Handoff (I-PASS)
Shift handoff fails when it becomes either too long (noise) or too short (missing contingencies). Clinical Corvus helps teams produce a consistent I-PASS-style handoff draft that clinicians can quickly edit.
When To Use
- End of shift sign-out
- Inter-team transfers (ICU ↔ ward)
- High-acuity patients where contingency planning matters
The Workflow
- Confirm the patient context and refresh it with the most recent note/labs if needed.

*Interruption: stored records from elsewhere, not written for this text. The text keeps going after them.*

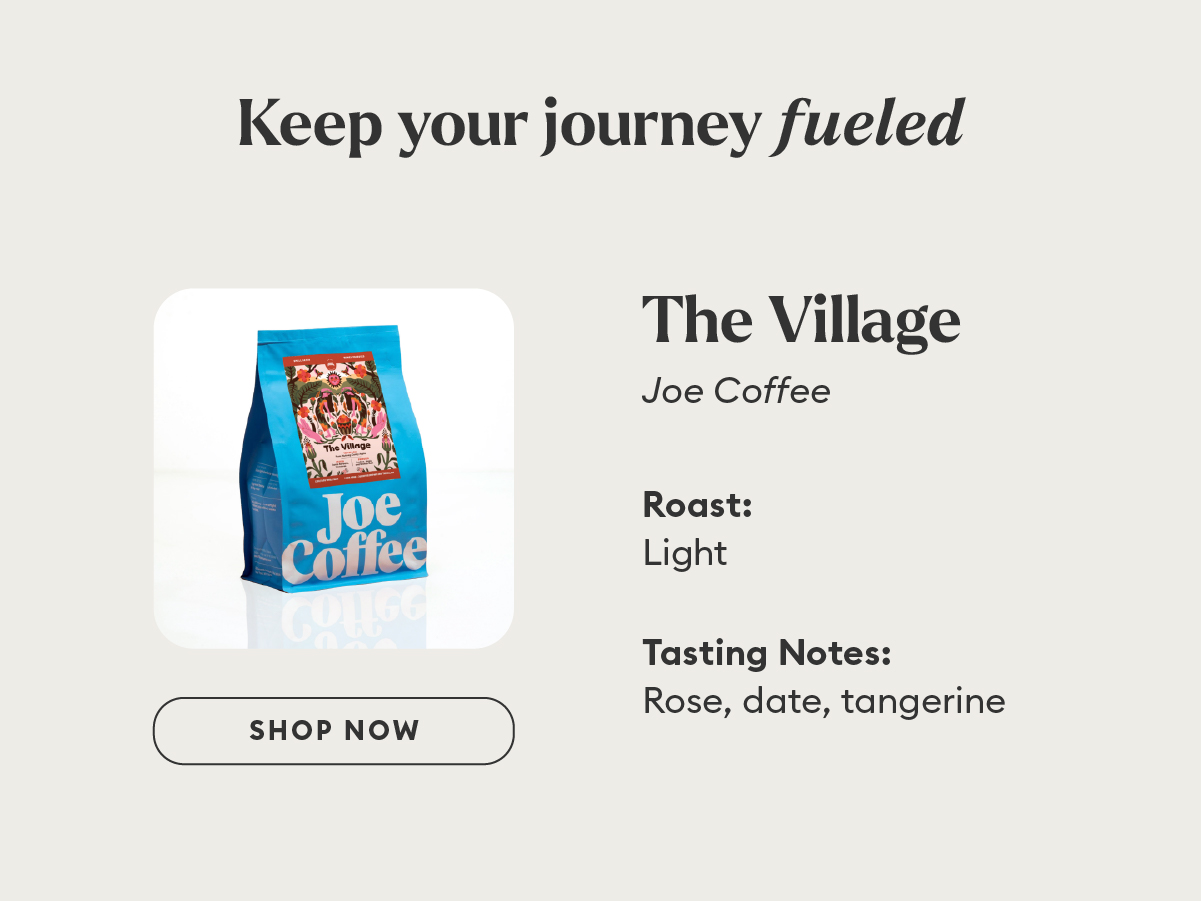 The Village by Joe Coffee. Roast: Light. Tasting Notes: Rose, date, tangerine.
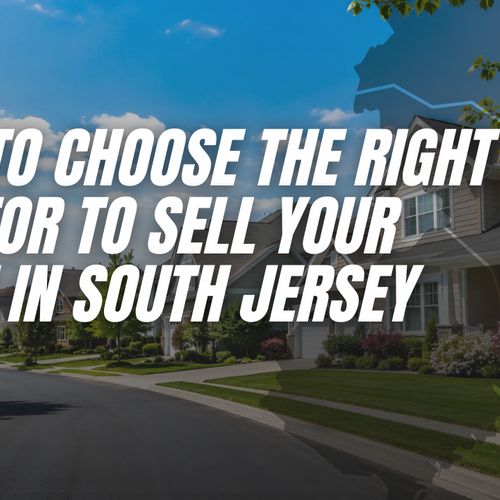 How to Choose the Right Realtor to Sell Your Home in South Jersey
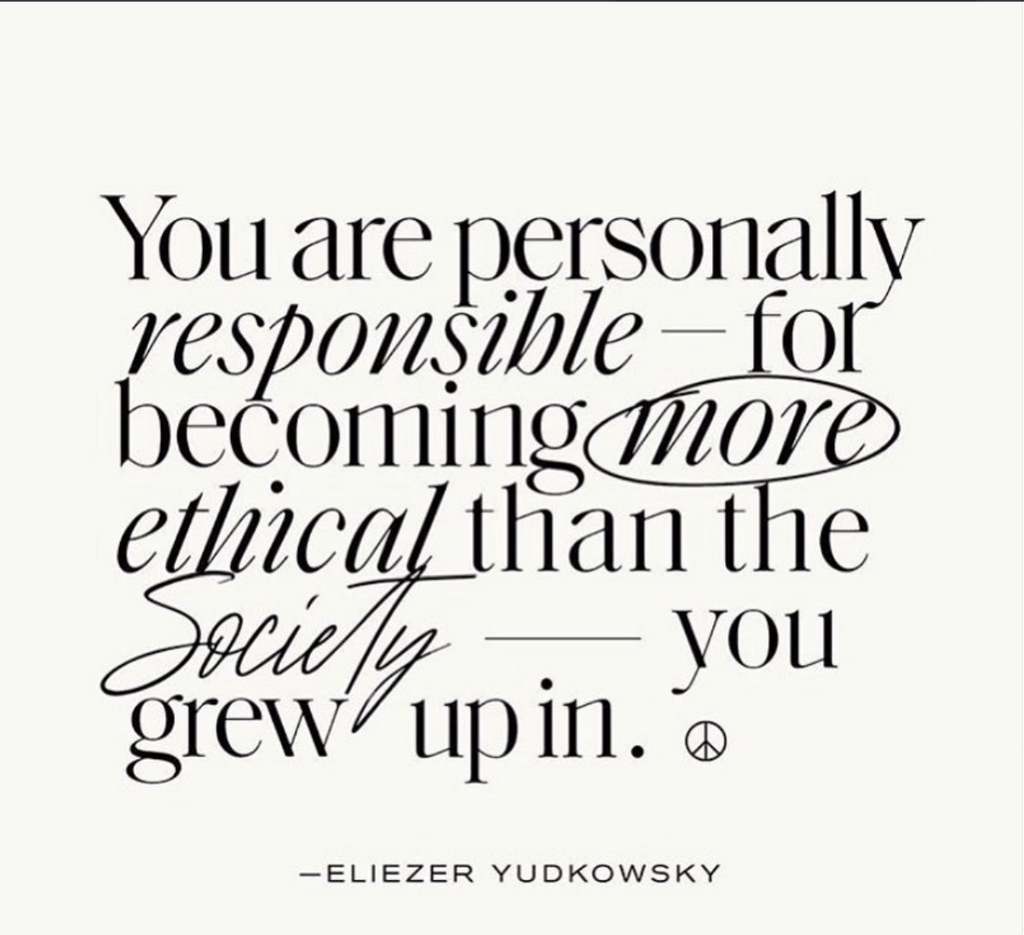 YOU are personally responsible for becoming more ethical than the society that you grew up in.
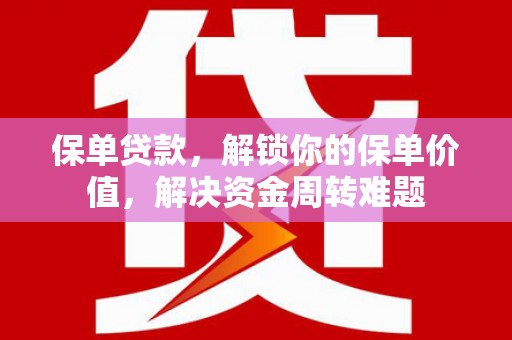 金州新区保单贷款，解锁你的保单价值，解决资金周转难题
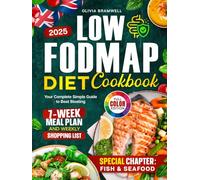 Low FODMAP Diet Cookbook: Your Complete Simple Guide to Beat Bloating with a 7-Week FODMAP Meal Plan, Shopping Lists and Colourful Photos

- Generate or open the handoff draft.
- Review each I-PASS block:
- Illness severity (simple, explicit)
- Patient summary (short problem representation)
- Action list (concrete tasks for next shift)
- Situation awareness + contingency plans (“If X happens, do Y”)
- Synthesis by receiver (what the next clinician should repeat back)
- Apply Check-to-Accept and adjust wording to local conventions.
What Good Handoff Output Looks Like
- A patient summary that is stable across shifts (no drift in key facts).
- An action list that is specific and time-bound.
- At least one explicit contingency for each major risk.
Common Pitfalls (And How To Avoid Them)
- Overlong summary → enforce a strict “one paragraph” limit.
- Missing contingencies → ask explicitly: “What are the top 2 risks overnight?”
- Ambiguous ownership → add who/when for each action item.